History: “American Colonial” generally refers to the period between 1700 and 1780 in America. During this time, American settlers were still considered colonies of England therefore received and brought back several English-inspired products and trends.

Among the English trends brought to colonial America was the use of five-fingered, fan shaped vases also knows as Quintal horns. These created a unique fan-shaped and narrow design style that usually included garden herbs and cuttings. They were later reproduced in the colonies and grew in popularity at that time.

As with English garden floral design and Victorian floral design, American Colonial flower arrangements relied on what was readily available. This usually extended to wildflowers found in home gardens as well as native shrubs and trees. Settlers often brought back herbs and plants that were then used in arrangements, but worldwide distribution and importing was no where near current availability.

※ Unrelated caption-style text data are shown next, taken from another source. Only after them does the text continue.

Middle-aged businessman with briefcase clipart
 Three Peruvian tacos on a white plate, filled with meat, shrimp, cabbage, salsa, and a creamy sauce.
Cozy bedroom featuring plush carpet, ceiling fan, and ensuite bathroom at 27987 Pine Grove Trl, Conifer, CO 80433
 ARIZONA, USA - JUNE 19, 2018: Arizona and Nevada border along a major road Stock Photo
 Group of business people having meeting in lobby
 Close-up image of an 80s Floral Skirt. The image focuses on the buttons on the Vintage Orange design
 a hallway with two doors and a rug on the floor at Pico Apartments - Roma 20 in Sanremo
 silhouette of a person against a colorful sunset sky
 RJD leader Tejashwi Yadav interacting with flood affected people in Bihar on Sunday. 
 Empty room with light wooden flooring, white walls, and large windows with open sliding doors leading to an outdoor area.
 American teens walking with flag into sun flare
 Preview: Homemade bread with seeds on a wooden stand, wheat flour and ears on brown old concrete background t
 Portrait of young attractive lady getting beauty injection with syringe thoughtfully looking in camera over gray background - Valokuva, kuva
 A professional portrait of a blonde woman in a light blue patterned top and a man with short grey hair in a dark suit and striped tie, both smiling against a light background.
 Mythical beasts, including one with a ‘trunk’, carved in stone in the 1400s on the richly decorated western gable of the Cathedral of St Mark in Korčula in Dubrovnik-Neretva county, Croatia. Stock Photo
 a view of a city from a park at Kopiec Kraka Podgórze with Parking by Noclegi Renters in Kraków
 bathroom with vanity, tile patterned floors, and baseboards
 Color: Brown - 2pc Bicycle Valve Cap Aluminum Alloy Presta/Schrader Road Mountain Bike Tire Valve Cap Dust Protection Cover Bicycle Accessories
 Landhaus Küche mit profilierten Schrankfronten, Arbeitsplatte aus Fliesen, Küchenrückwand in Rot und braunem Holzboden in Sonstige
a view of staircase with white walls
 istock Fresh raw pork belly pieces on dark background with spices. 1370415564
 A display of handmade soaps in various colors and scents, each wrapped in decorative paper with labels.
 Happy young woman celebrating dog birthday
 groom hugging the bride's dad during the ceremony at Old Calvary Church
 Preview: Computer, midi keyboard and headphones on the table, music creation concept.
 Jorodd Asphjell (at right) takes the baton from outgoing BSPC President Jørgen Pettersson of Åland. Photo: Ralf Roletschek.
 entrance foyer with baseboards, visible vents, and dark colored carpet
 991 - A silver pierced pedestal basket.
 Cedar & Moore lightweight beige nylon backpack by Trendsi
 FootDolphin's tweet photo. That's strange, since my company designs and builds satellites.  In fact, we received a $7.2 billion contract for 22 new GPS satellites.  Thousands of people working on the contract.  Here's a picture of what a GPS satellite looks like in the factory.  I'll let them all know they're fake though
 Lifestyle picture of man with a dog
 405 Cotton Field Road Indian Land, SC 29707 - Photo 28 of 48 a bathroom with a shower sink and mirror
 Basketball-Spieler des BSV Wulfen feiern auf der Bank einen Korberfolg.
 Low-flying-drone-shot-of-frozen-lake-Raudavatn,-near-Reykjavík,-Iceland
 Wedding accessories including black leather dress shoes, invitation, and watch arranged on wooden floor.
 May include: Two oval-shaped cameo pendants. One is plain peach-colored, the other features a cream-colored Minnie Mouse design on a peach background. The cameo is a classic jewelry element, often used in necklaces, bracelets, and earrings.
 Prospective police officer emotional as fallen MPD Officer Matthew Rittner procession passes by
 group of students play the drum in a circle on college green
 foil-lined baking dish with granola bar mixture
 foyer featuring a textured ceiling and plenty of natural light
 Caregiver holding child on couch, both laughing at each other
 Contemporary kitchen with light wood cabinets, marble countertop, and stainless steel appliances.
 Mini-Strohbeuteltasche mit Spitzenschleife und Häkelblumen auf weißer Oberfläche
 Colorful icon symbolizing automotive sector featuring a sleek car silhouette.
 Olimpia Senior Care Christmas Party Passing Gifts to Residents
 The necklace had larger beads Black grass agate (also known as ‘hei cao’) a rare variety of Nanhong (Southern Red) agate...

Style: American Colonial flower designs tend to be symmetrical mass arrangements that are either rounded or in fan form (usually reserved to five-fingered vases). They are casual and open. The arrangements may feature either one type of flower with a filler flower or a variety of several blooms. Most American Colonial designs feature gourds or fruits such as peaches, pears, cherries, plums and apples.

Flowers Used: A combination of fresh and dried materials is often used in this style. These may include pods, grasses, grains and other materials.

Flowers that work well in American Colonial arrangements are roses, carnations, daisies, lilacs, marigolds, peonies, sunflowers and other mass flowers.

Bulb flowers are also appropriate in American Colonial design. Examples are daffodils, tulips, hyacinth, allium, ranunculus and lilies.

Popular wildflowers and filler flowers used in this style include baby’s breath (very popular), limonium, solidago, alder, sumac, cattails, several grasses and grains among others.

Basic Characteristics:

  • Usually includes a type of a fruit or gourd such as peaches, pears, cherries, plums and apples
  • Round or fan-shaped
  • Containers made from earthenware, stoneware, ceramics, or metals (copper, tin, silver, pewter, etc.)
  • Similar to but more “refined” and well proportioned than English Garden style arrangements

Containers Used: Since craftsman style trades were popular, containers often followed the styles being readily produced by local craftsmen. These included silversmiths, pewter manufacturers and glass blowers among others. Many types of containers were used but the containers themselves were mainly ceramic, earthenware or stoneware. Porcelain was a later import from England and China and increased the variety of containers during this style of floral design. Metallurgy was also a popular trade so pewter, copper, tin and silver vessels were also used.

Types of containers used included:  pitchers, pots, vases, jars, jugs, bowls and Quintal horns (five fingered vases).


  1. “usually reserved to five-fingered vases ” “what is a five-fingered vase”? Please.

  2. A five-finger vase is a fan shaped vase similar to the attached image. These are usually found in antique stores. So, designers usually create the colonial effect with the arrangement of the flowers rather than with the vase.